◆ **REQUIRED ACTION**
Return all the data exactly, keeping the pictures out.

◆ **INPUT DATA**
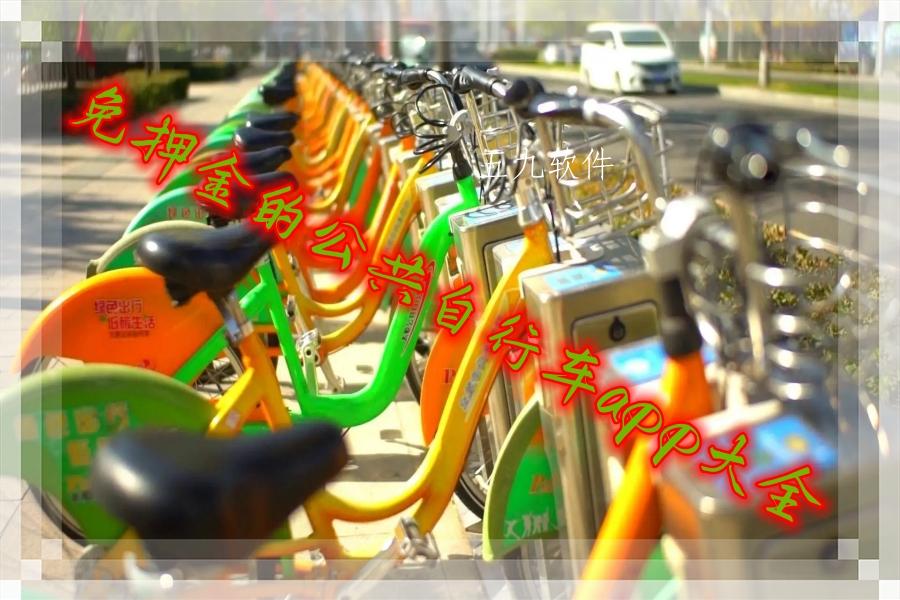 免押金的公共自行车app大全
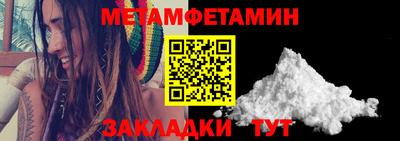 бошки Сланцы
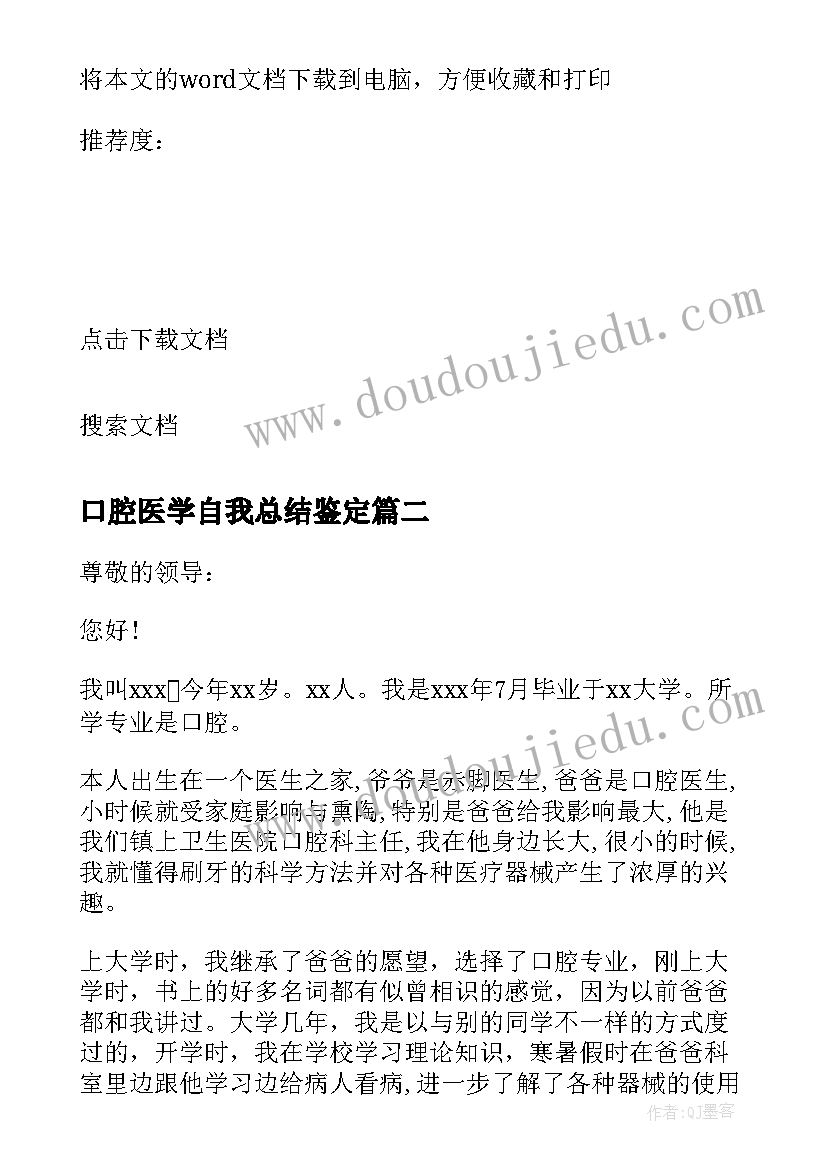 最新口腔医学自我总结鉴定(精选5篇)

◆ **EXERCISE RESPONSE**
 免押金的公共自行车app大全
 бошки Сланцы
 最新口腔医学自我总结鉴定(精选5篇)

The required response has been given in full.